By Karina Coates, Australian Red Cross, Samoa
"I can sleep at night now - maybe because I'm so happy," Nella Tufugafale says. For almost a year since the tsunami destroyed her house in Utulaelae village, Nella has lived in a temporary home that was open to the elements. Now that she has been able to employ builders with a Red Cross livelihoods cash grant, and Nella is finally seeing the home she has been dreaming of take shape.
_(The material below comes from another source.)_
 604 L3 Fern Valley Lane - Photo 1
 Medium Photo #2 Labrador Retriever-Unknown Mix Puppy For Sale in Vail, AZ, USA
On the morning of 29 September 2009, Nella was visiting her cousin when she heard that a tsunami had struck Samoa's coastline, killing 143 people and causing widespread destruction. When she returned to her village she couldn't believe her eyes. "Everything was gone - even the clothes," she says of her home and tourist bungalow business. "For weeks after the tsunami I couldn't sleep. I didn't feel like doing anything. I didn't know what to do."
Shelter options
Nella, like other individuals or families whose homes were destroyed, could elect to receive a traditional house without walls, built by government contractors, or choose to build a new home utilizing materials funded by the government.
"I chose to take the materials because I need a place I can lock when I go somewhere. While others have family living with them for security, I am by myself," she says. However, with no income or immediate family in Samoa, the 51-year-old needed money to pay builders.
Supporting needs
The Red Cross livelihoods programme recognizes that some families have more resources to enable them to help themselves after a disaster, while others need the additional support of cash grants. Nella's was one of 169 households in 19 villages assessed as most vulnerable, who received cash grants to meet self-identified needs.
While some families chose to start small businesses or pay for housing or plantation labour, others used the grants for fishing equipment, livestock, fencing wire, seeds, sprayers, plantation tools, education expenses or transport for construction work.
Renewed hope
The design of Nella's home incorporates a one-room grocery shop to service her small village, an endeavour the business woman is looking forward to launching. "Before the tsunami, I had a beach resort with ten bungalows. I had just built a new kitchen. Then the tsunami came and all my hope was lost."
While five of the families in her small village decided to move away from the coast permanently, Nella chose to stay. "I love being by the sea, and this is my family's land - this is where I was brought up and my parents are buried here," she says.
Settling in
Nella has happily started adorning some rooms with shells and pictures, and is enjoying catering to guests using her half-built kitchen to demonstrate typical Samoan hospitality. This vibrancy and enthusiasm is a change from the year she describes - one of low spirits and regular ill health. "Before, I was often sick, because the wind and rain would come in. And I didn't have a toilet until now - I used my neighbour's," she says. "Now that the house is nearly finished, I feel like cleaning up. I want to decorate, to make it a home."